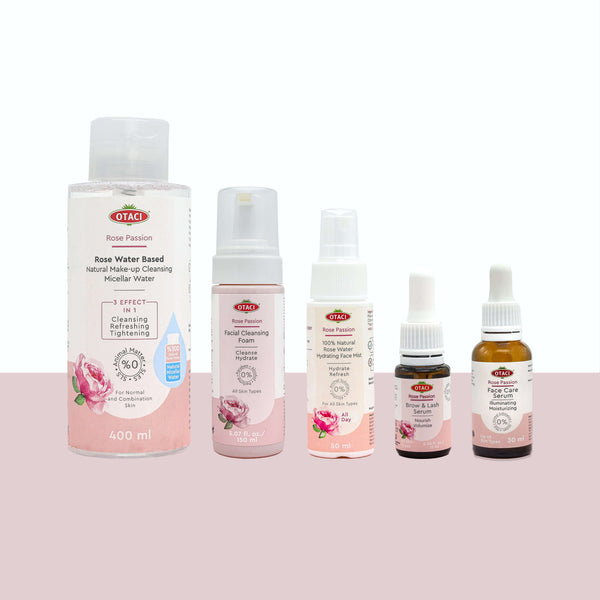 OTACI Bloom Essentials Kit featuring cleansing foam, micellar water, hydrating mist, and face care serum.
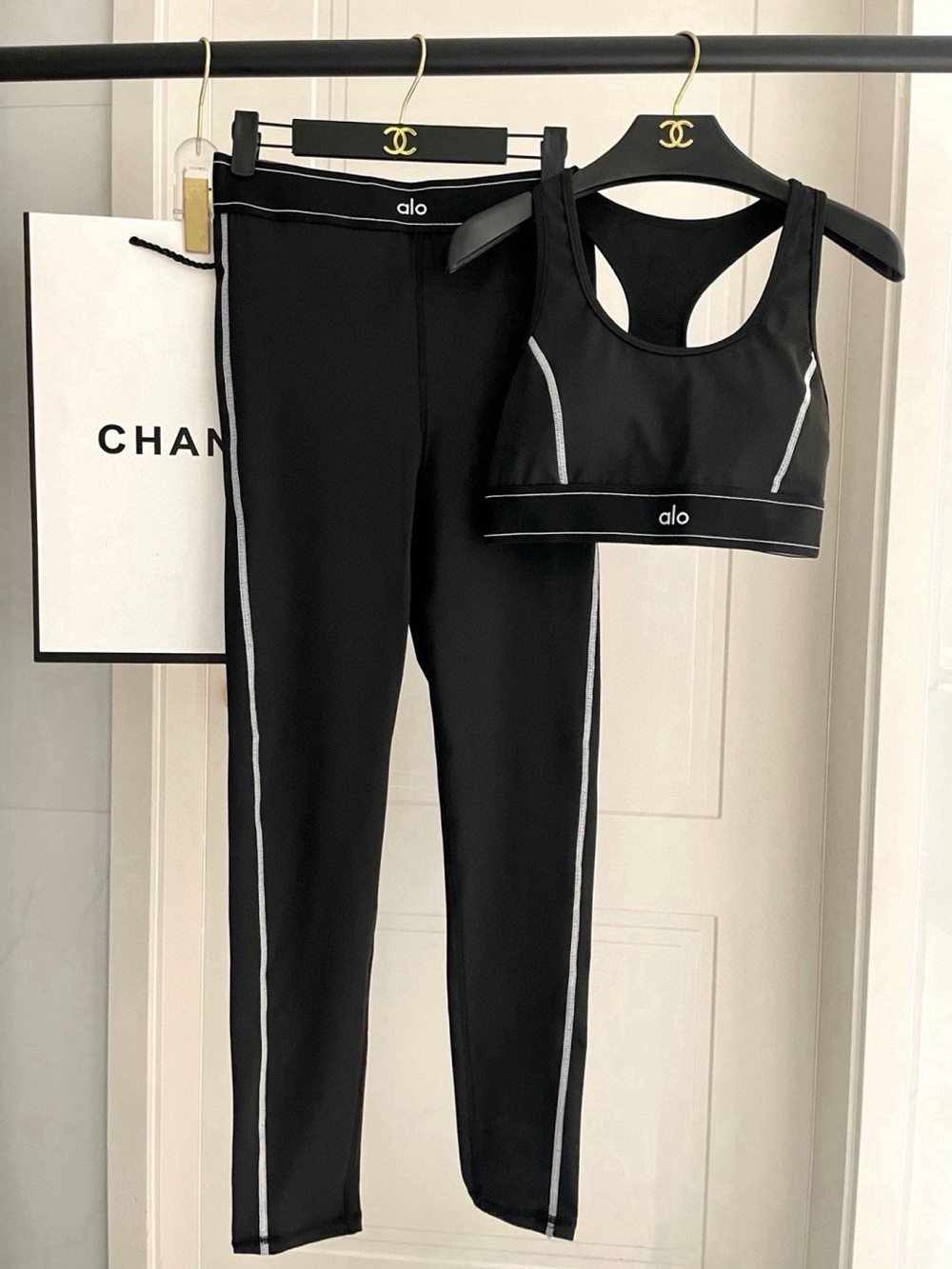 ALO Yoga Black Leggings and Racerback Sports Bra with Contrast Trim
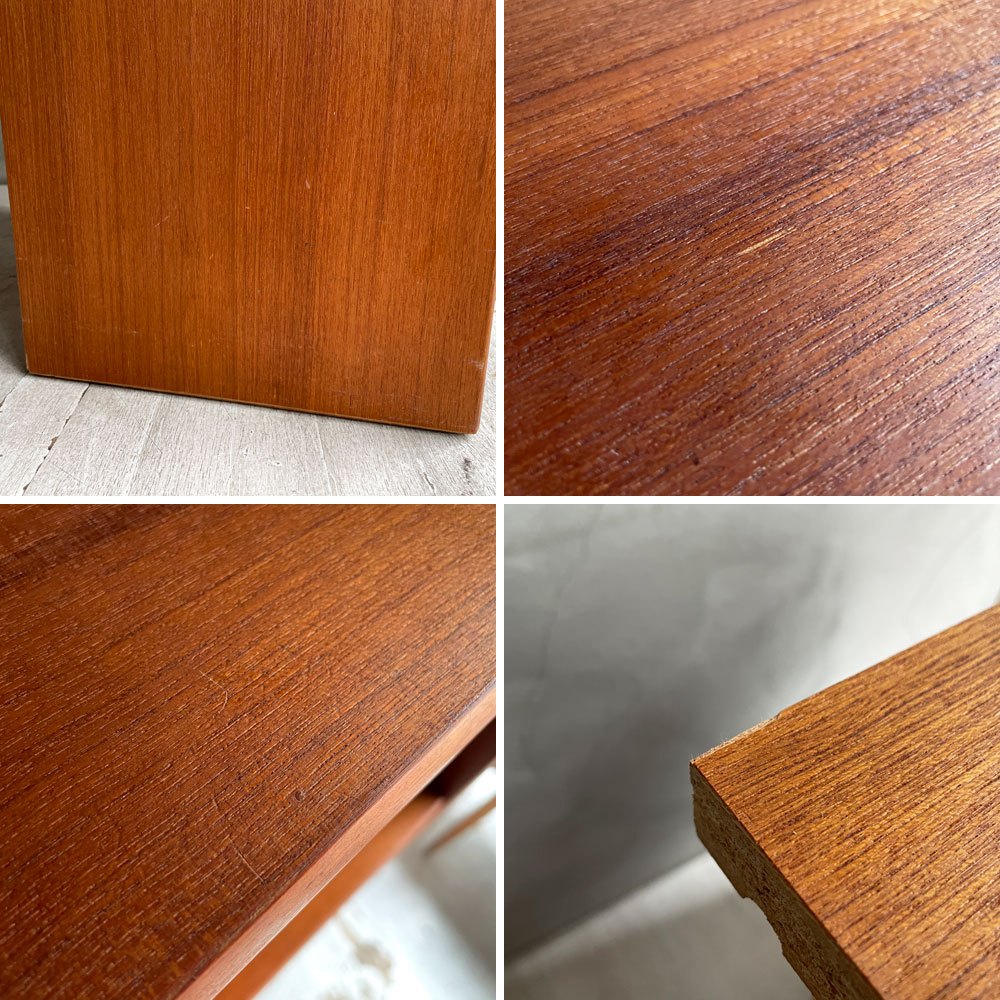 ジャパンビンテージ Japan Vintage チーク材 スリムシェルフ ブックシェルフ 本棚 オープンシェルフ 飾り棚  棚板可動式 上台付き ♪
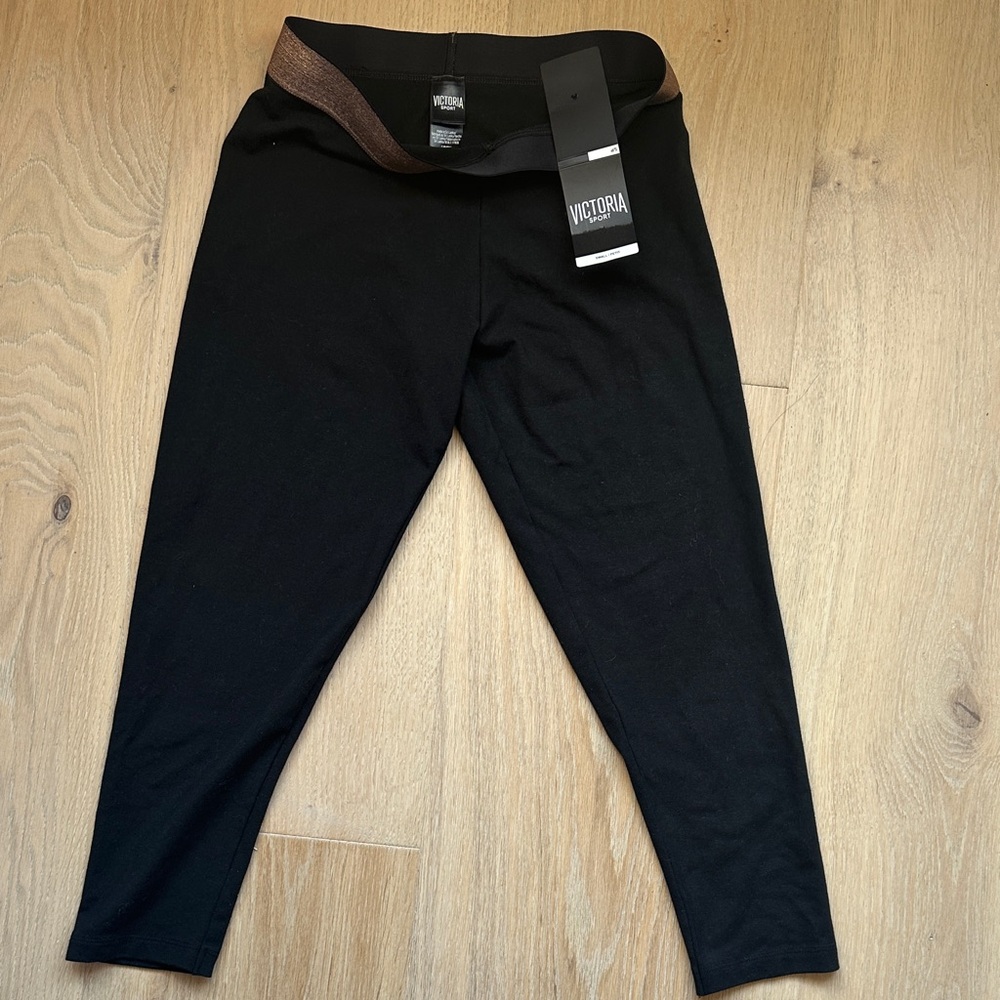 Victoria's Secret Black Leggings with Brown Waistband
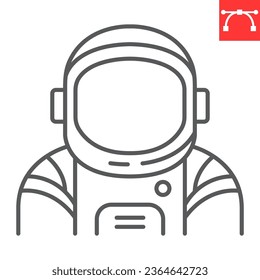 Astronaut line icon, cosmos and spaceman, cosmonaut vector icon, vector graphics, editable stroke outline sign, eps 10.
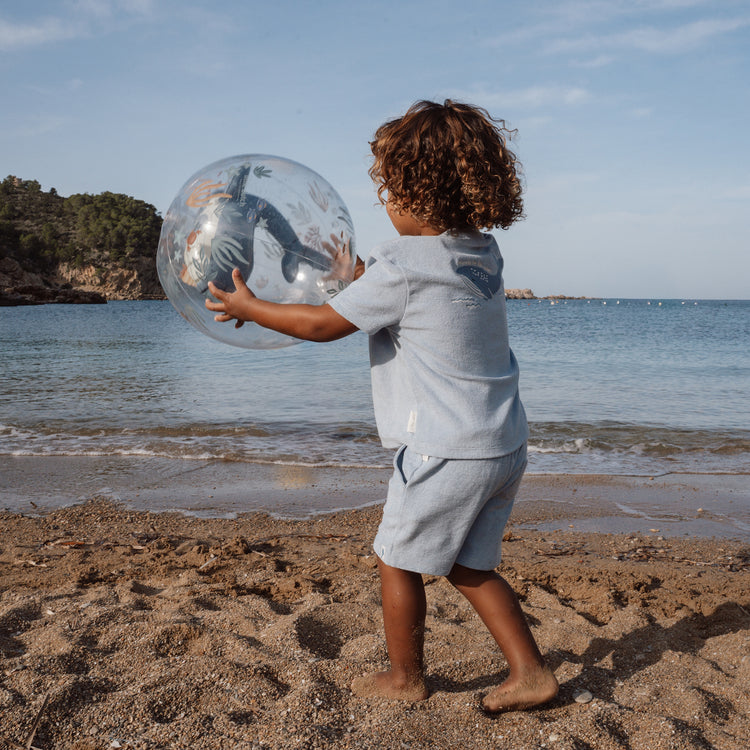 LITTLE DUTCH. Short Sleeve Shirt and Shorts Ocean World Blue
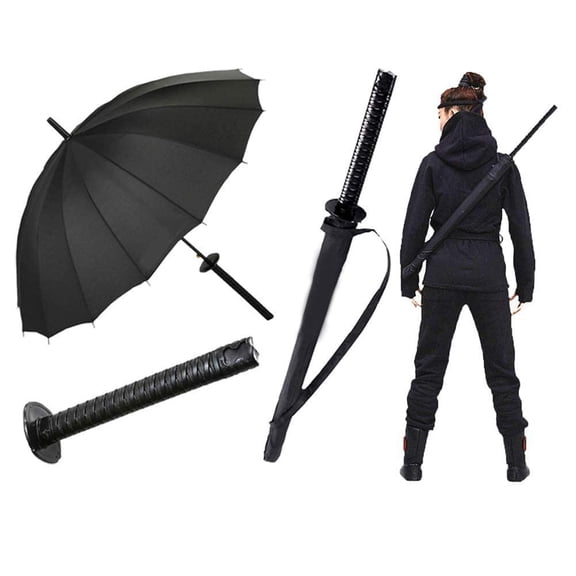 Samurai Handle Umbrella, Ninja Japanese Long Sword Umbrella - UV Protection Sun Rain Umbrella, Windproof Waterproof Cosplay Umbrella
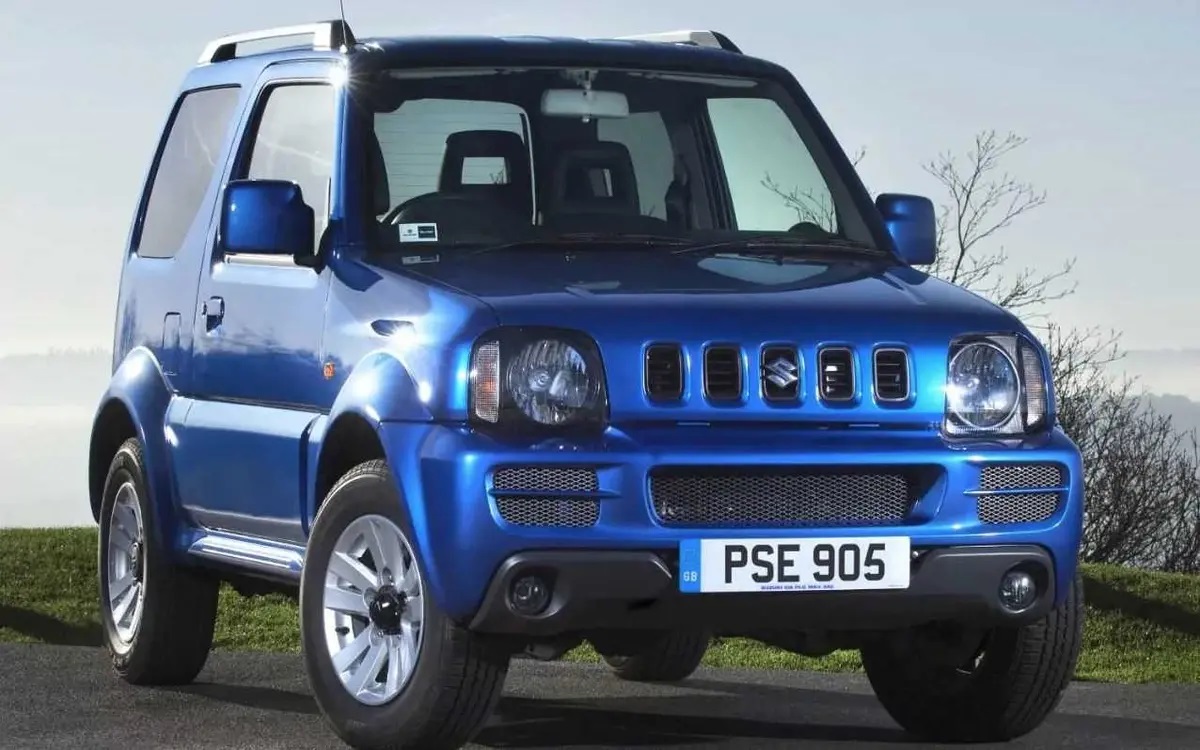 Blue Jeep Jimny Parked on Road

## Exercise brief
Could you set down every entry above exactly as it stands, with no images?

## Answer
 OTACI Bloom Essentials Kit featuring cleansing foam, micellar water, hydrating mist, and face care serum.
 ALO Yoga Black Leggings and Racerback Sports Bra with Contrast Trim
 ジャパンビンテージ Japan Vintage チーク材 スリムシェルフ ブックシェルフ 本棚 オープンシェルフ 飾り棚  棚板可動式 上台付き ♪
 Victoria's Secret Black Leggings with Brown Waistband
 Astronaut line icon, cosmos and spaceman, cosmonaut vector icon, vector graphics, editable stroke outline sign, eps 10.
 LITTLE DUTCH. Short Sleeve Shirt and Shorts Ocean World Blue
 Samurai Handle Umbrella, Ninja Japanese Long Sword Umbrella - UV Protection Sun Rain Umbrella, Windproof Waterproof Cosplay Umbrella
 Blue Jeep Jimny Parked on Road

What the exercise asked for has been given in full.